Migraine with aura is clinically linked to cognitive impairment, yet sex differences and underlying mechanisms are unclear. Cortical spreading depression (CSD) is widely regarded as the electrophysiological correlate of migraine aura. Therefore, we utilized a mouse model of repetitive CSD to model recurrent aura events and investigate how this phenomenon modulates behavior and cognition in a sex-dependent manner.

Methods

CSD was repeatedly induced in both male and female mice via epidural KCl application, using six consecutive stimuli at 20-minute intervals. Behavioral tests were performed to assess pain sensitivity, photophobia, anxiety, and cognitive function. Hippocampal neurogenesis and synaptic plasticity were examined via immunofluorescence and electrophysiology respectively.

Results

Repetitive CSD induced transient allodynia, which was most prominent on day 1 and fully recovered by day 5. This effect was more pronounced and longer-lasting in female mice. In contrast, photophobia observed in the CSD group was more prevalent in male mice.
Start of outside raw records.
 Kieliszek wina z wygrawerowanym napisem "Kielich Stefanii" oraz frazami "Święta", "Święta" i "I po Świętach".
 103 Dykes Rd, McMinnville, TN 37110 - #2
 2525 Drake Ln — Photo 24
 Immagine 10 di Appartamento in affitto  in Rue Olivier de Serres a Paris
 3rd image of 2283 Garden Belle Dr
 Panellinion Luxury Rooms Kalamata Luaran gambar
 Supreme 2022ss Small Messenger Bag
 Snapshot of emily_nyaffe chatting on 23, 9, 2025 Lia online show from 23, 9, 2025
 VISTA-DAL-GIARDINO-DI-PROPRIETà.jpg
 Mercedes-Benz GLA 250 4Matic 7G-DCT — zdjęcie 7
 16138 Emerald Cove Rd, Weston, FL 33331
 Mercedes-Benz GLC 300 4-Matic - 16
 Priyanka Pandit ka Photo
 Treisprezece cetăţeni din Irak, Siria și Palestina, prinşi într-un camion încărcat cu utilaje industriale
Repetitive CSD did not trigger anxiety-like behavior on either day 1 or day 7. During the Morris water maze probe trial on day 11, female mice in the CSD group exhibited a reduced number of platform crossings and decreased exploration distance in the target quadrant, while no such difference was observed in male mice. Conversely, in the novel location recognition test conducted on day 9 (with a 30-min interval), the CSD group showed a higher discrimination index than the SHAM group, specifically in female mice. These changes were accompanied by increased hippocampal neurogenesis. Moreover, enhanced long-term potentiation at the perforant path–dentate gyrus synapse was observed in females only. All cognitive alterations had recovered by 21 days post-CSD.

Conclusions

Our study demonstrates that repetitive CSD stimulation elicits distinct, sex-dependent phenotypes. Allodynia was more pronounced and longer-lasting in female mice than in males. Moreover, cognitive alterations were observed only in female mice and exhibited a bidirectional pattern. While repetitive CSD impaired the consolidation or retrieval of long-term reference memory, it transiently enhanced short-term episodic memory. These changes occurred shortly after CSD stimulation and were reversible. Together, these results offer a novel perspective for investigating sex differences in migraine with aura and highlight the dual, dynamic influence of CSD on brain cognitive function.